Work instructions: The full listing should be set down exactly as it reads.

---+---

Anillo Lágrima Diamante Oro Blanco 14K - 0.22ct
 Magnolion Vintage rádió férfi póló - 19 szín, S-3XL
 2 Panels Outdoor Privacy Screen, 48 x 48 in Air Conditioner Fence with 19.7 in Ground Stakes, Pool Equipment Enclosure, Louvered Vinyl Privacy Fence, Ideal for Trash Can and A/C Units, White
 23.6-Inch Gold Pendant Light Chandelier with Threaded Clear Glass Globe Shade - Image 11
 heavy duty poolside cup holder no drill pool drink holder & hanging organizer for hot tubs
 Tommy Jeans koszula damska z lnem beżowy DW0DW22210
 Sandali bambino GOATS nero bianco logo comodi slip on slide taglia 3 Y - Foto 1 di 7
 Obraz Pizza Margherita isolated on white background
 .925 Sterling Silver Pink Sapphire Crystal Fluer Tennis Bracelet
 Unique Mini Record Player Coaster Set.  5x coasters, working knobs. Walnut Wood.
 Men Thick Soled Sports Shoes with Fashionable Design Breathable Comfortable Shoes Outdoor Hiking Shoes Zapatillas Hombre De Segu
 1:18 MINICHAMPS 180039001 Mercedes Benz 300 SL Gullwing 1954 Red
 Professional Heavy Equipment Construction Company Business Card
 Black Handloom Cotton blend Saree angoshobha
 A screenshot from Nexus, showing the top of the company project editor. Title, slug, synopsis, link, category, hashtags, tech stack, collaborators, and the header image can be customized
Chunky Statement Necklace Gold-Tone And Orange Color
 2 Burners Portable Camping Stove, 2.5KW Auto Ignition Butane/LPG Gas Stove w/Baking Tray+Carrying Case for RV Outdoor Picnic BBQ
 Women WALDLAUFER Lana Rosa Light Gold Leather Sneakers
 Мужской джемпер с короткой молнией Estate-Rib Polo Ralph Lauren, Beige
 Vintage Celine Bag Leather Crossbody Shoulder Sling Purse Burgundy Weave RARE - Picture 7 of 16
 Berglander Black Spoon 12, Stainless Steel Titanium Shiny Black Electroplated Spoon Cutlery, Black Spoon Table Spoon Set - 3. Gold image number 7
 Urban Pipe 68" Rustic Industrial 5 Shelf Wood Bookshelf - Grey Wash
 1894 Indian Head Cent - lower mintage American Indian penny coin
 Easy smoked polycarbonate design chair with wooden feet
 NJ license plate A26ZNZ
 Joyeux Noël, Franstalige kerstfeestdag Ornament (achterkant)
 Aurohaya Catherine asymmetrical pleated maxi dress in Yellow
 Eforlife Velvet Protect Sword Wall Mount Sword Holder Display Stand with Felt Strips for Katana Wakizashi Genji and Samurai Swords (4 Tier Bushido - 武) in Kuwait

---+---

Solved exercise:
Anillo Lágrima Diamante Oro Blanco 14K - 0.22ct
 Magnolion Vintage rádió férfi póló - 19 szín, S-3XL
 2 Panels Outdoor Privacy Screen, 48 x 48 in Air Conditioner Fence with 19.7 in Ground Stakes, Pool Equipment Enclosure, Louvered Vinyl Privacy Fence, Ideal for Trash Can and A/C Units, White
 23.6-Inch Gold Pendant Light Chandelier with Threaded Clear Glass Globe Shade - Image 11
 heavy duty poolside cup holder no drill pool drink holder & hanging organizer for hot tubs
 Tommy Jeans koszula damska z lnem beżowy DW0DW22210
 Sandali bambino GOATS nero bianco logo comodi slip on slide taglia 3 Y - Foto 1 di 7
 Obraz Pizza Margherita isolated on white background
 .925 Sterling Silver Pink Sapphire Crystal Fluer Tennis Bracelet
 Unique Mini Record Player Coaster Set.  5x coasters, working knobs. Walnut Wood.
 Men Thick Soled Sports Shoes with Fashionable Design Breathable Comfortable Shoes Outdoor Hiking Shoes Zapatillas Hombre De Segu
 1:18 MINICHAMPS 180039001 Mercedes Benz 300 SL Gullwing 1954 Red
 Professional Heavy Equipment Construction Company Business Card
 Black Handloom Cotton blend Saree angoshobha
 A screenshot from Nexus, showing the top of the company project editor. Title, slug, synopsis, link, category, hashtags, tech stack, collaborators, and the header image can be customized
Chunky Statement Necklace Gold-Tone And Orange Color
 2 Burners Portable Camping Stove, 2.5KW Auto Ignition Butane/LPG Gas Stove w/Baking Tray+Carrying Case for RV Outdoor Picnic BBQ
 Women WALDLAUFER Lana Rosa Light Gold Leather Sneakers
 Мужской джемпер с короткой молнией Estate-Rib Polo Ralph Lauren, Beige
 Vintage Celine Bag Leather Crossbody Shoulder Sling Purse Burgundy Weave RARE - Picture 7 of 16
 Berglander Black Spoon 12, Stainless Steel Titanium Shiny Black Electroplated Spoon Cutlery, Black Spoon Table Spoon Set - 3. Gold image number 7
 Urban Pipe 68" Rustic Industrial 5 Shelf Wood Bookshelf - Grey Wash
 1894 Indian Head Cent - lower mintage American Indian penny coin
 Easy smoked polycarbonate design chair with wooden feet
 NJ license plate A26ZNZ
 Joyeux Noël, Franstalige kerstfeestdag Ornament (achterkant)
 Aurohaya Catherine asymmetrical pleated maxi dress in Yellow
 Eforlife Velvet Protect Sword Wall Mount Sword Holder Display Stand with Felt Strips for Katana Wakizashi Genji and Samurai Swords (4 Tier Bushido - 武) in Kuwait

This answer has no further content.